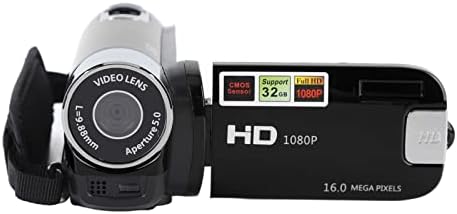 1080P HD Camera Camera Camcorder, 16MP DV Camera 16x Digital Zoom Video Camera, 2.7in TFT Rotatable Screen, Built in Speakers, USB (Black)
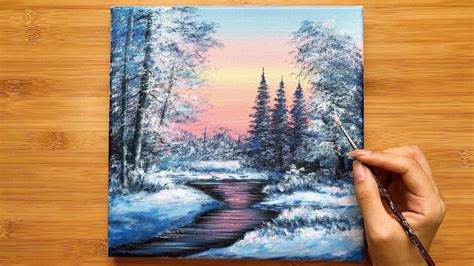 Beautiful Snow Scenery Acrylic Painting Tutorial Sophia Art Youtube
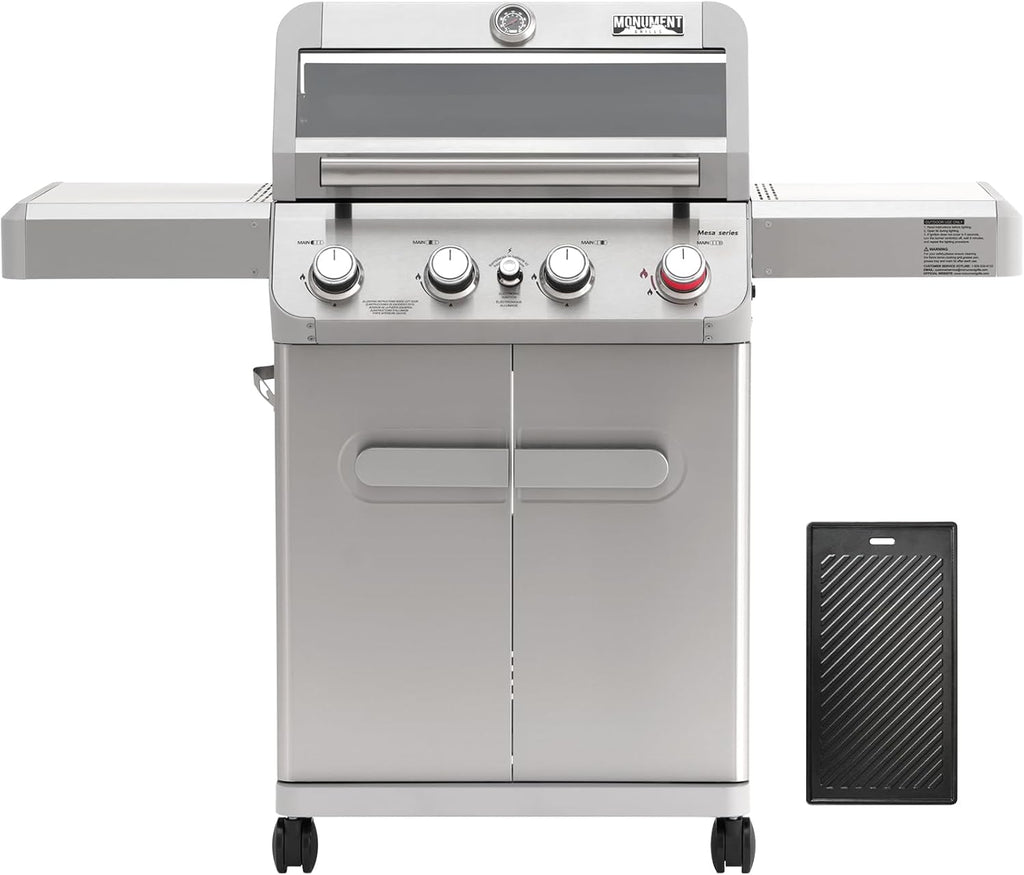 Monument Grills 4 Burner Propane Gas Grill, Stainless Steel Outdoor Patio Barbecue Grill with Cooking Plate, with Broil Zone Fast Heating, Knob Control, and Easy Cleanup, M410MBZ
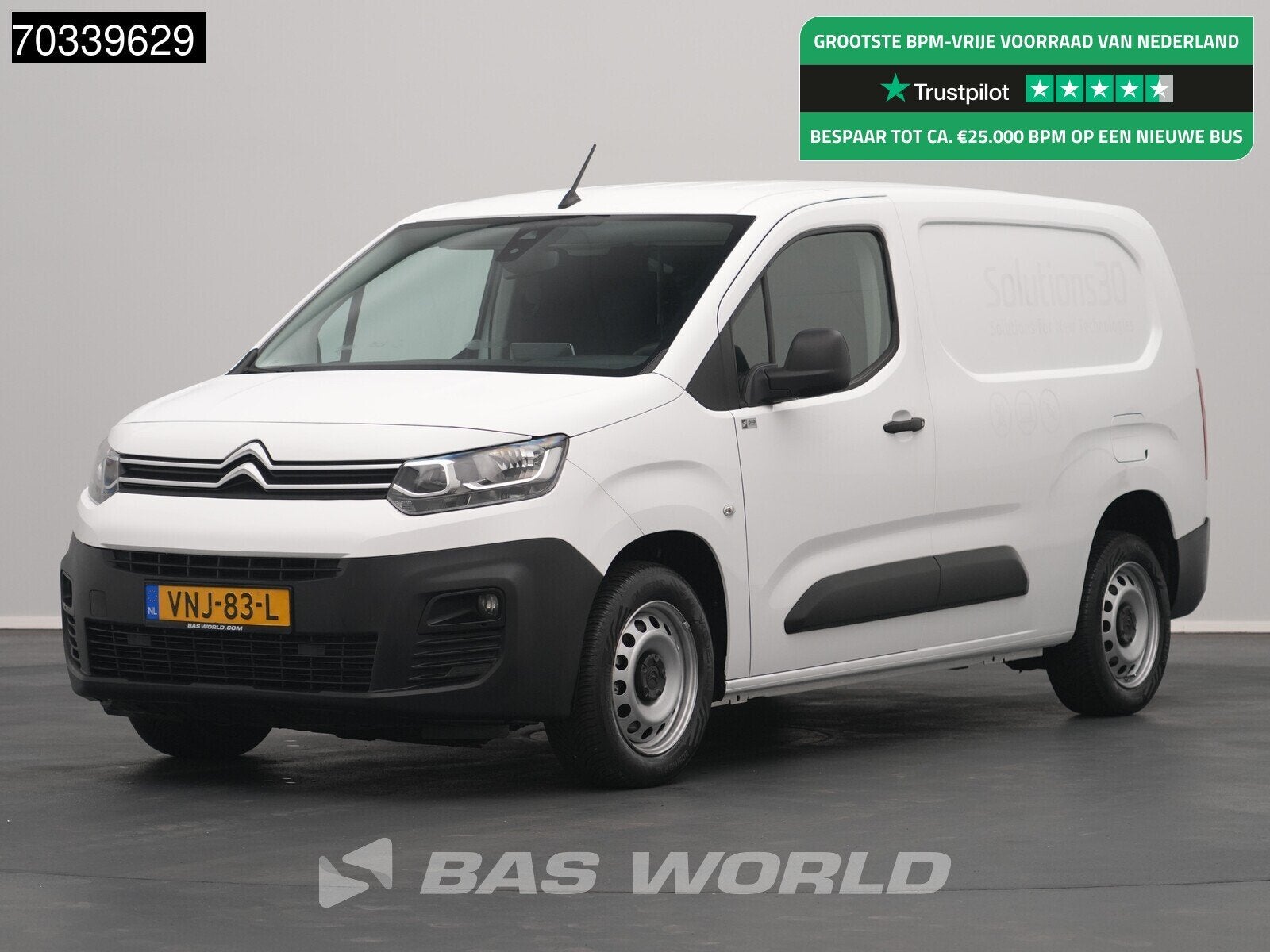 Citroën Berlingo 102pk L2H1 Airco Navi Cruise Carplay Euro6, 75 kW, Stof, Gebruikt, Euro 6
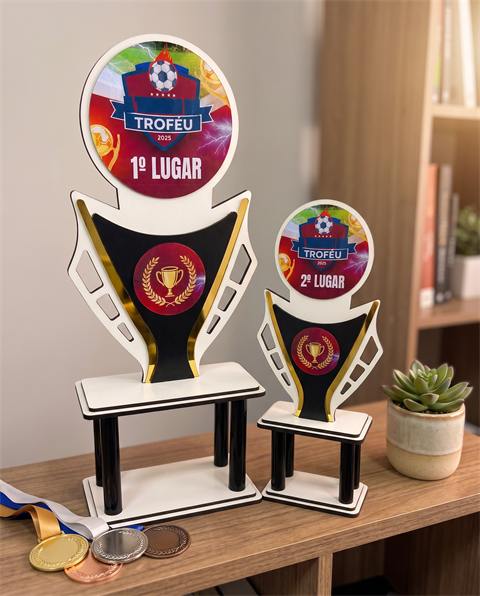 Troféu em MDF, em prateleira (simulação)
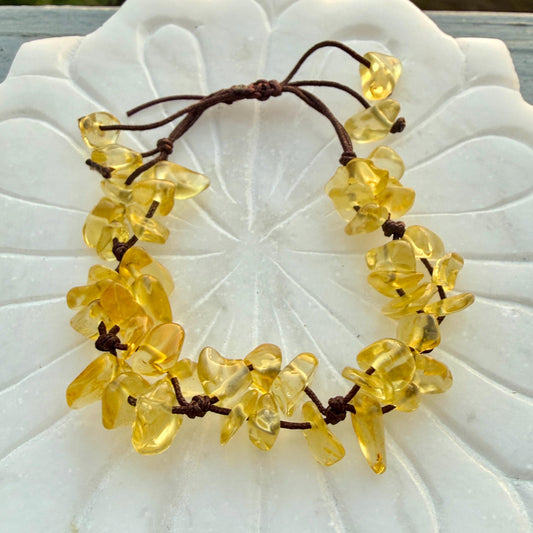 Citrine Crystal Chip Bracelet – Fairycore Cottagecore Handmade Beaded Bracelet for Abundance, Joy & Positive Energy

+===+

# TASK INSTRUCTIONS:
When the line containing "Monument Grills 4" has been located, retype it and each line after it through the end of the records, excluding the pictures and adding nothing else.

# RESULT FOR THIS TASK:
 Monument Grills 4 Burner Propane Gas Grill, Stainless Steel Outdoor Patio Barbecue Grill with Cooking Plate, with Broil Zone Fast Heating, Knob Control, and Easy Cleanup, M410MBZ
 Citroën Berlingo 102pk L2H1 Airco Navi Cruise Carplay Euro6, 75 kW, Stof, Gebruikt, Euro 6
 Troféu em MDF, em prateleira (simulação)
 Citrine Crystal Chip Bracelet – Fairycore Cottagecore Handmade Beaded Bracelet for Abundance, Joy & Positive Energy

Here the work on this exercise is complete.